The commissioner said he hoped EU leaders at the summit on Thursday would put "strong peer pressure" on the Austrian and Luxembourgish leaders to back down.

His report noted that tax fraud costs the EU €1 trillion a year - more than the five bail-outs so far put together.

It added that the related "shadow economy" in the EU is worth €2 trillion a year.

In another window on the murky world, it said 35 percent of EU countries "non-bank deposits" are held in opaque offshore firms.

It noted that the Cayman Islands and Swizterland currently host 20 percent of such deposits worldwide, worth $1.4 trillion.

It also said the Cayman Islands, a British overseas territory, is among the world's fastest growing non-bank deposit centres.

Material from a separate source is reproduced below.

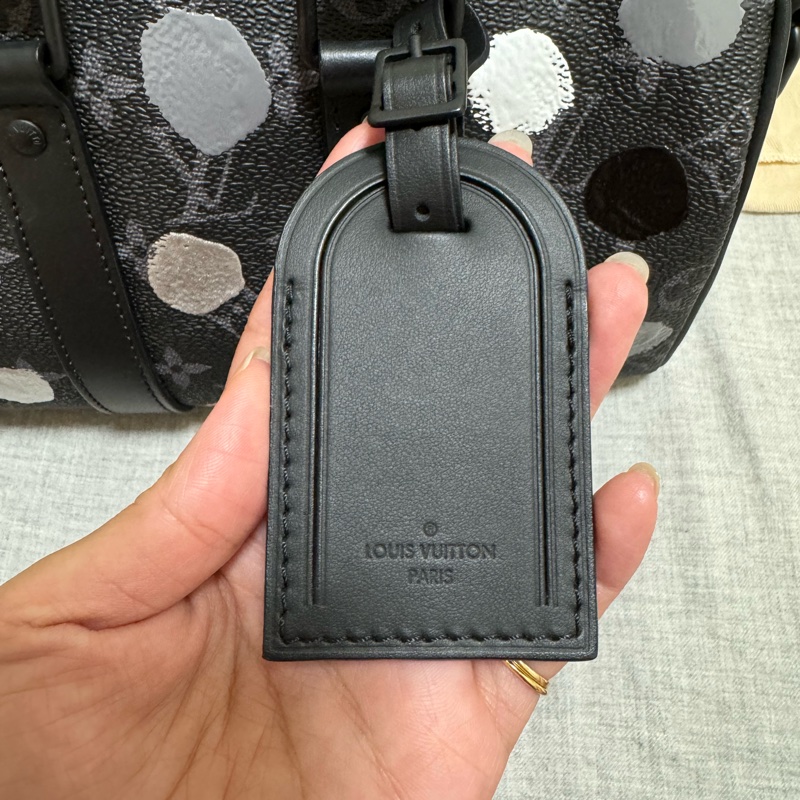 LV 草間彌生聯名KEEPALL25-1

Numbers of deposits in Switzerland have flattened out, while numbers in Jersey, another quasi-British location, are falling.

Semeta's ideas for future actions include: introducing a pan-EU tax-identification number for every cross-border taxpayer; minimum criminal penalties for tax cheats; a new "quick-reaction mechanism" on VAT fraud; and more anti-tax-fraud powers for the EU's joint police body, Europol.

He also plans to publish new "action plans" on how to deal with tax havens and companies which do "aggressive" tax planning.

"Why should teachers, nurses and shopkeepers carry a heavier tax burden just because large companies can employ clever tax planners to avoid paying their share?," he said in his speech.

Details of the new initiatives are due by the end of the year.